A non-uniform rod \(AB\) of weight \(w\) is supported horizontally in a vertical plane by two light strings \(PA\) and \(PB\) as shown in the figure. \(G\) is the centre of gravity of the rod. If \(PA\) and \(PB\) make angles \(30^\circ\) and \(60^\circ\) respectively with the vertical, the ratio \(\dfrac{AG}{GB}\) is:
Show Hint
For rods in equilibrium:
Use vertical force balance to relate tensions
Take moments about the centre of gravity to find distance ratios
Angles with vertical affect only the vertical components
Step 1: Identify the forces acting on the rod.
The rod is in equilibrium under three forces:
Tension \(T_1\) in string \(PA\) acting at point \(A\),
Tension \(T_2\) in string \(PB\) acting at point \(B\),
Weight \(w\) of the rod acting downward at its centre of gravity \(G\).
Step 2: Resolve forces vertically (equilibrium of forces).
Only vertical components of tensions balance the weight:
\[
T_1 \cos 30^\circ + T_2 \cos 60^\circ = w
\]
\[
T_1 \left(\frac{\sqrt{3}}{2}\right) + T_2 \left(\frac{1}{2}\right) = w
\quad \cdots (1)
\]
Step 3: Take moments about point \(G\) (equilibrium of moments).
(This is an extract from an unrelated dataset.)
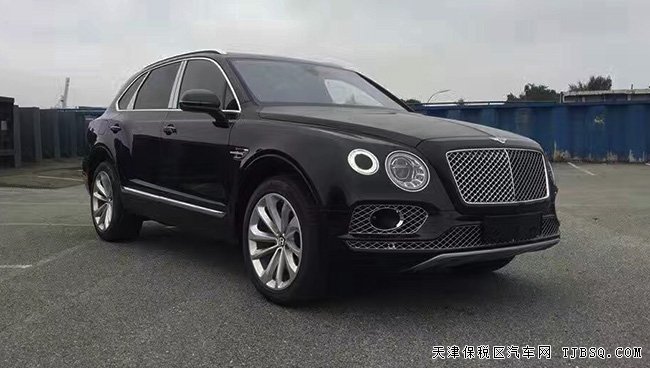 2017款賓利添越奢華SUV 歐規(guī)版6.0T W12現(xiàn)車優(yōu)購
Let \(AG = x\) and \(GB = y\).
For rotational equilibrium about \(G\):
\[
(\text{Vertical component of } T_1)\times x
=
(\text{Vertical component of } T_2)\times y
\]
\[
T_1 \cos 30^\circ \cdot x = T_2 \cos 60^\circ \cdot y
\]
Substitute values:
\[
T_1 \left(\frac{\sqrt{3}}{2}\right) x = T_2 \left(\frac{1}{2}\right) y
\]
Step 4: Simplify the ratio.
\[
\frac{x}{y} = \frac{T_2}{T_1} \cdot \frac{1}{\sqrt{3}}
\]
From equation (1), solving gives:
\[
\frac{T_2}{T_1} = 1
\]
Hence,
\[
\frac{AG}{GB} = \frac{1}{\sqrt{3}}
\]
Final Answer:
\[
\boxed{\dfrac{AG}{GB} = \dfrac{1}{\sqrt{3}}}
\]